EXERCISE MATERIALS
════════════════

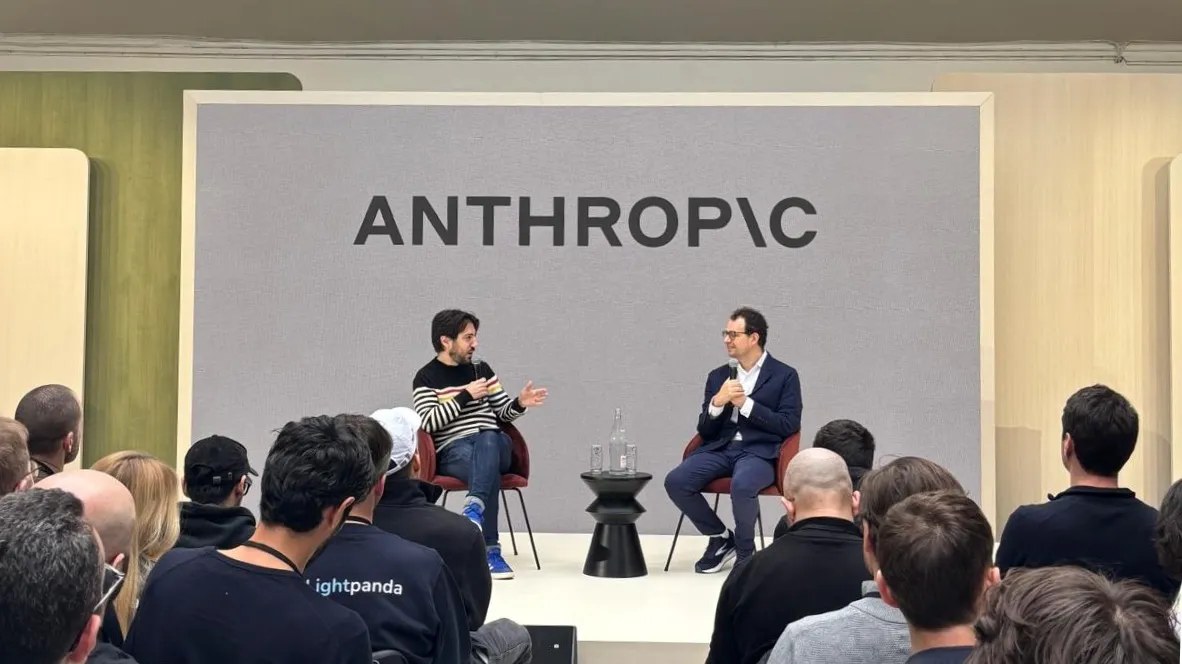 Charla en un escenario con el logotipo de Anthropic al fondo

════════════════

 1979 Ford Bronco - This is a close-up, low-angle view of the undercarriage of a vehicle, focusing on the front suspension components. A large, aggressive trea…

════════════════

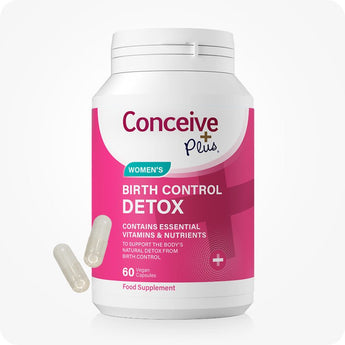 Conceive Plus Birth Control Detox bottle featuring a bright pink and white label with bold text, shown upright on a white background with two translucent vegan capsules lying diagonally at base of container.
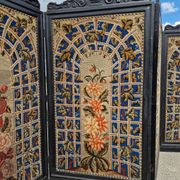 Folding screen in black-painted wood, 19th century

════════════════

TASK
What you need to produce is an exact copy of the entries above, limited to the lines from the one with "Conceive Plus Birth" up to and including the one with "Folding screen in", without pictures.

WRITTEN RESPONSE
 Conceive Plus Birth Control Detox bottle featuring a bright pink and white label with bold text, shown upright on a white background with two translucent vegan capsules lying diagonally at base of container.
 Folding screen in black-painted wood, 19th century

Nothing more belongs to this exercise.